From its peak of $142 a barrel in July last year, crude oil prices touched a low of $32.40 in December. However, prices have been firming up since May on improved economic sentiments and anticipation of demand revival. Presently, it is ruling above $70 a barrel.
Cleancities Biodiesel, another Hyderabad-based company, which has set up the country’s largest biodiesel plant with a 250,000-tonne capacity in Visakhapatnam, earlier this month exported its first consignment. “We shipped close to 10,000 tonnes to Spain last week. Last year was bad as crude oil prices crashed. Now, the market is looking up and demand is good in Europe and the US. We expect to export regularly now,” said Srinivas Prasad Moturi, chairman and CEO.
The Union Cabinet approved the National Policy on Bio-fuel on September 12 last year which aimed at raising the level of blending of biofuels with petrol and diesel to 20 per cent by 2017.
However, presently only blending of ethanol (at 5 per cent) with petrol is being implemented and there is no blending of biodiesel.
Therefore, domestic plants are catering to the international market.
However, experts in the food sector have a word of caution on the rising crude prices, which could again lead to the diversion of corn and edible oil.
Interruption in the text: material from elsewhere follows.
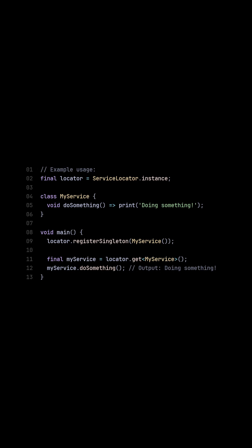Here you can see an example of how you would use this custom built service locator. You first instantiate an instance, then register the singleton and use it wherever needed. Follow for more.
This would exert upward pressure on the food prices.
“If crude crosses the $75 a barrel mark, it could disturb the food scenario by an increase in diversion of oilseeds and cereals to biofuels,” said Madan Sabnavis, chief economist at the National Commodity and Derivatives Exchange.
Ashok Gulati, the Asia director of the International Food Policy Research Institute expects the annual consumption of corn for fuel in the US to go up to 100 million tonnes from the present 80 million tonnes if the surge in crude price is sustained.